As as we see from Drugstore.com, even if a woman has to pay for it out of her own pocket, she’s looking at less than $1.00/day at Planned Parenthood.


Adam G.
March 6, 2012

Books, I’m told that Walmart also sells the generic Pill for about $9/month.


John Mansfield
March 6, 2012

The mandate is a lousy idea, however . . .

I get tired of the argument that there is is some guy, somewhere (online I think) giving grapes away for a penny a pound, so it is just foolish to ever spend five dollars for strawberries. Why, there are pianos and violins you can find at yard sales for $300, if you’ll just spend some time poking around. To spend thousands on one of those instruments is wasteful extravagance.

. . . which is part of the lousiness of the mandate, that it gives everyone standing to bequeath such counsel if they’ve a mind to.


Vader
March 6, 2012

Part of the lousiness is having strawberries subsidized when I’m just fine with grapes.


John Mansfield
March 6, 2012

One’s choice of sweet fruit is a personal matter to be worked out by himself, his doctor, his pharmacy, his insurance company, his employer paying for the insurance, and the members of the current administration charged with formulating for the nation what sort of insurance coverage the employer must pay for. Outside that tight little intimate circle of a democracy of 300 million and its public policies, none has any business telling someone to eat grapes or strawberries.


Bookslinger
March 6, 2012

John Man: in the article that Vader linked to, included in the mandate is a “no deductible, no co-pay” mandate which removes all cost-containment incentives. It makes the Big Pharm companies salivate, because the consumers will have no incentive to purchase the generic version.

Estrogen and progestin, the two and only two active ingredients in oral contraceptives have long had any patents on them expire. They are now commodities, generic essentially, no matter whether purchased from a big player (Lilly/Roche/etc) or a generic-only manufacturer.

The only question a woman and her doctor must work out (once the decision has been made to use oral contraceptives) is the dosage, which can vary from woman to woman, and over the course of time.
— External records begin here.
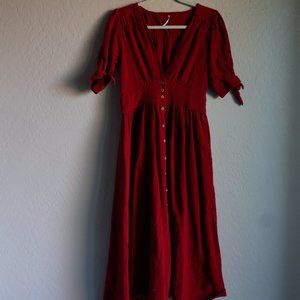 Free People Knee Length Dress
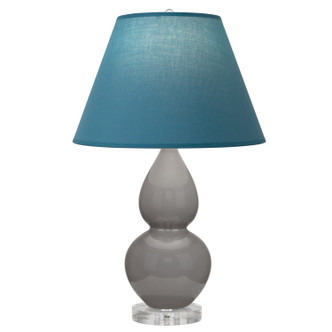 Robert Abbey - A770B - One Light Accent Lamp - Small Double Gourd - Smokey Taupe Glazed Ceramic w/Lucite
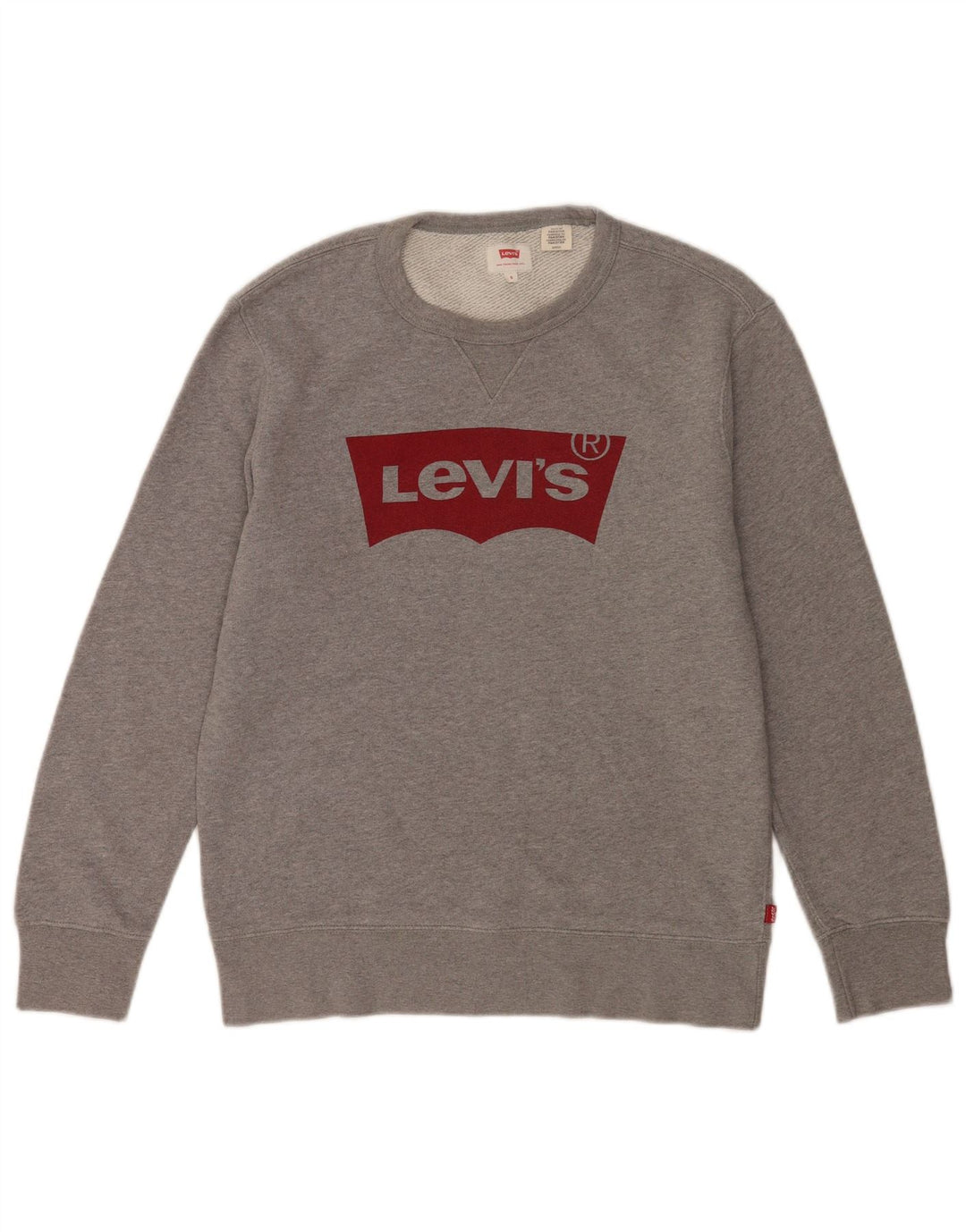 Męska bluza z grafiką Levi's, mała, szara, bawełniana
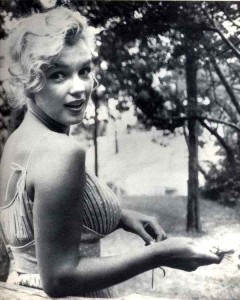Marilyn Monroe par Sam Shaw, noir et blanc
Oh, and another thing that can increase the cost is using multiple forms of birth control simultaneously, since no one method is 100%. Condoms used in conjunction with another method, are generally recommended for those who have not already been in a long term monogamous relationship and have not been tested at least 6 months after the last contact with a previous partner.

But yeah, $9/month OC’s at Walmart, $15/month OC’s at PP, plus $.75/each for condoms, this thing about $1,000/year is a big smoke screen. And Vader is right to point to the “follow the money” trail.

Does this money connection fall under the heading of a “secret combination”? The Obama administration in a combination (ie “connection”) with Big Pharma?

I guess the secret is leaking a bit.


MC
March 6, 2012

College-educated single white women are the base of the Democratic Party. They are far more worried about losing them than they are of losing Big Pharma.

Obama calling Ms. Fluke to make sure she was OK was a classic maneuver. Single white women already see Obama as their boyfriend, and it was only appropriate that he would show his compassion and concern for them in the form of Ms. Fluke.